Me sentía alborozada con mi amplitud de miras, la cual me permitía analizar la cuestión del bebé desde diversos puntos de vista. Podía considerar desinteresadamente la cuestión alusiva al alquiler, de la misma forma que un filósofo revisa las cuestiones fenomenológicas. No me parecía razonable que la señora Hutch cediera al antojo del alquiler. Una colegiala adora sus libros, un bebé llora y una casera anhela obtener rentas. Podía creer fácilmente que el tema de la renta violentaba espiritualmente a la señora Hutch y de ello podía deducirse la vehemencia con la que perseguía a los morosos."

Mary Antin
La tierra prometida



"La emoción del día había rendido nuestras fuerzas y nos alegrábamos de olvidar la decepción a través del sueño. Por la mañana aún estaba nublado, pero pudimos ver un poco alrededor. Era realmente extraño que una distancia ilimitada se tornara tan estrecha, de modo que sentí lo extraño de la escena. Durante todo el día me estremecí de frío y eso que apenas salimos del camarote. Por fin llegó la noche y nos hallábamos en nuestras literas, pero nadie lograba dormir.

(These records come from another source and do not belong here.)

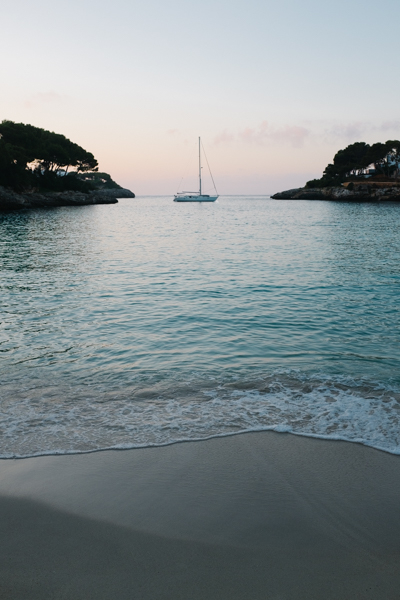 Yacht moored in a cove at sunrise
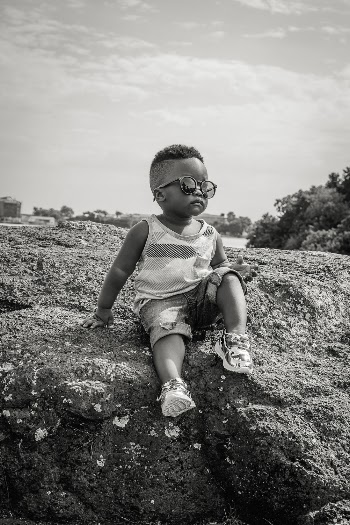 Boy Sitting on Rock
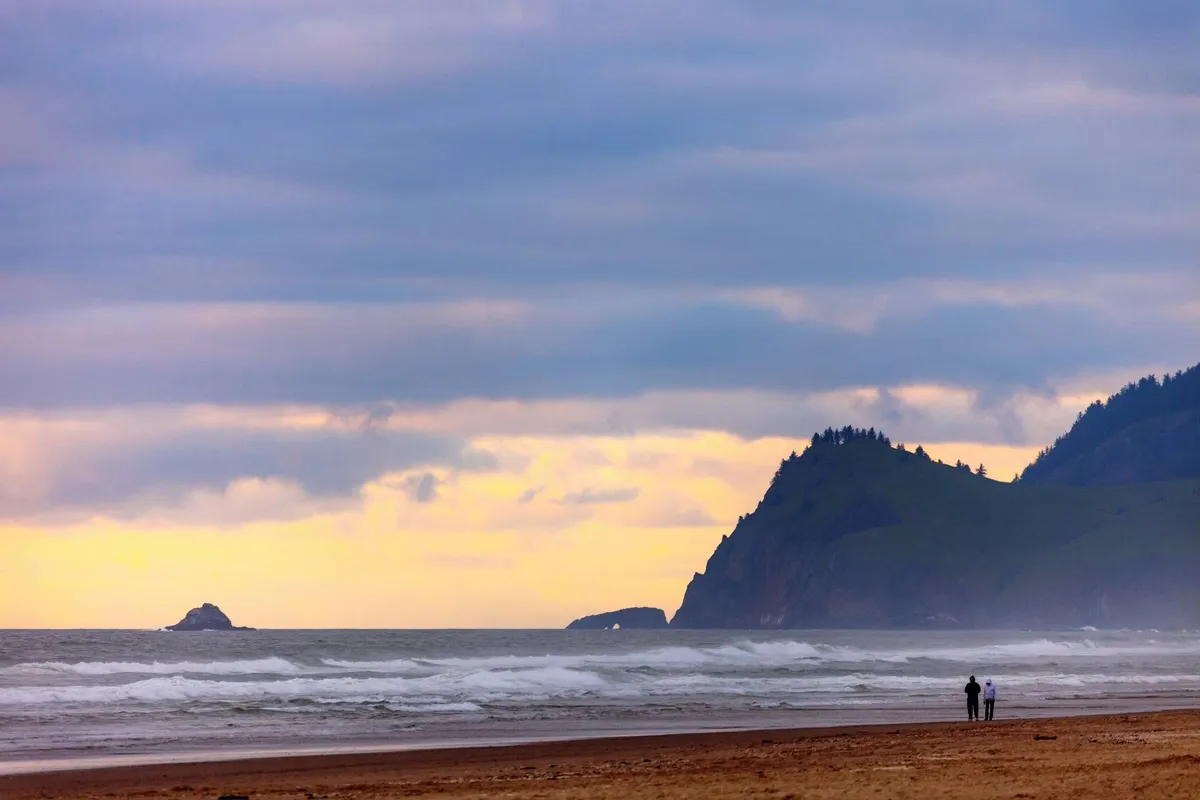 An exterior view featuring the broad, sandy expanse of Pacific City Beach with ocean waves rolling in, distant cliffs, and a couple walking along the shoreline. The late-day light casts a warm glow, evoking the feeling of sunset. The scene captures both the iconic Oregon coast landscape and the leisurely activities that families and couples enjoy, such as beachcombing and strolling.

El mar había estado encrespándose durante el día y ya por la noche el barco comenzó a moverse como al principio del viaje. Poco a poco se fue poniendo peor. Los objetos rodaban por el suelo en nuestro camarote, en medio del estruendo. Los platos se rompían en pequeños trozos que giraban alrededor. El cubrecama de las literas superiores casi ahogaba a quienes dormían en las literas inferiores. Algunas personas cayeron de sus literas, pero nada de esto tenía la menor pizca de gracia. A medida que el barco oscilaba, los pasajeros eran violentamente arrojados contra las literas e incluso algunas tablas cedieron y volaron hasta el entarimado. Podíamos ver las pequeñas ventanas que casi tocaban el agua, de modo que cerramos las persianas para evitar contemplar ese panorama tan desolador. Los niños lloraban, todo el mundo se lamentaba y los marineros se afanaban en recoger objetos del suelo y llevarlos lejos. La confusión era menor, pero no la alarma.

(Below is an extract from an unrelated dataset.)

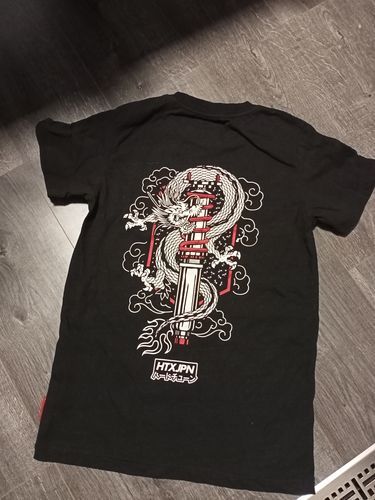 Customer photo review of Dragon Coilover Tattoo Band Tee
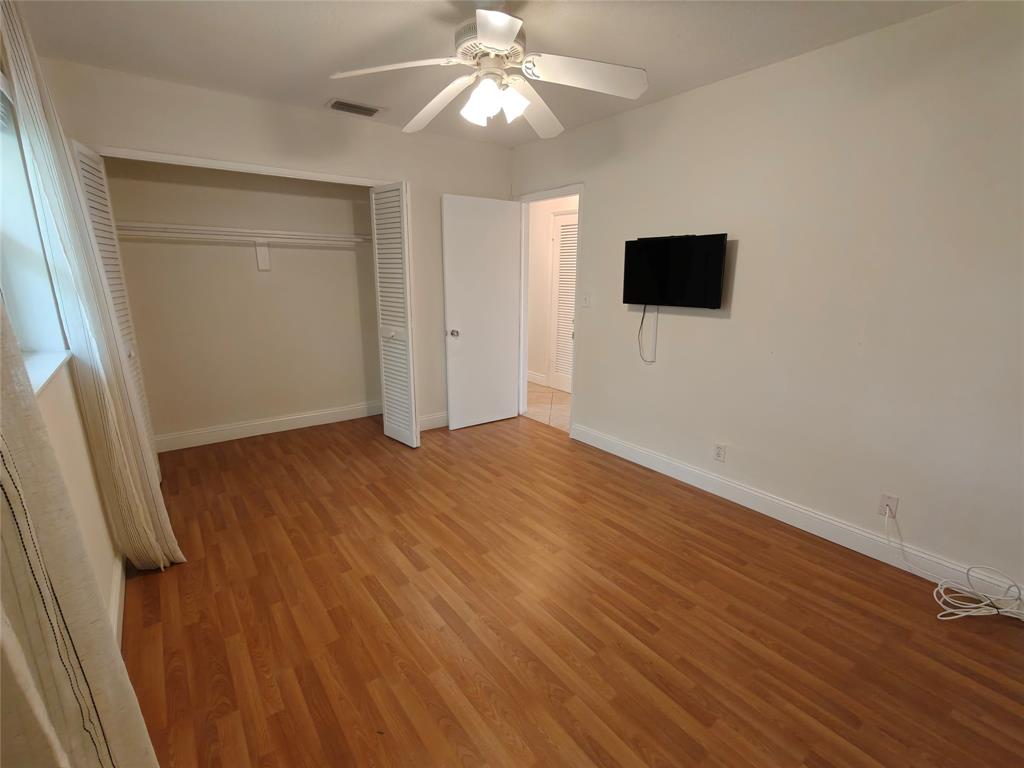 2755 Northeast 28th Avenue, Unit E3 Lighthouse Point, FL 33064 - Photo 38 of 48 wooden floor in an empty room with a window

Por encima de todos los sonidos se levantó la bocina que no dejó de sonar en toda la noche. ¡Qué triste era su sonido! Atravesaba el corazón y te hacía sentir pánico. De vez en cuando algún navío, a lo lejos, respondía, con la tenacidad de un débil eco. A veces, nos dábamos cuenta de que el barco se había detenido, de que las ruedas no giraban y casi llegábamos al grado de paroxismo, imaginando las peores causas al efecto.
De nuevo amaneció el día, un poco más tranquilo. Dormimos hasta la tarde y entonces vimos que la niebla había adquirido un cariz más fino e incluso creímos distinguir un barco."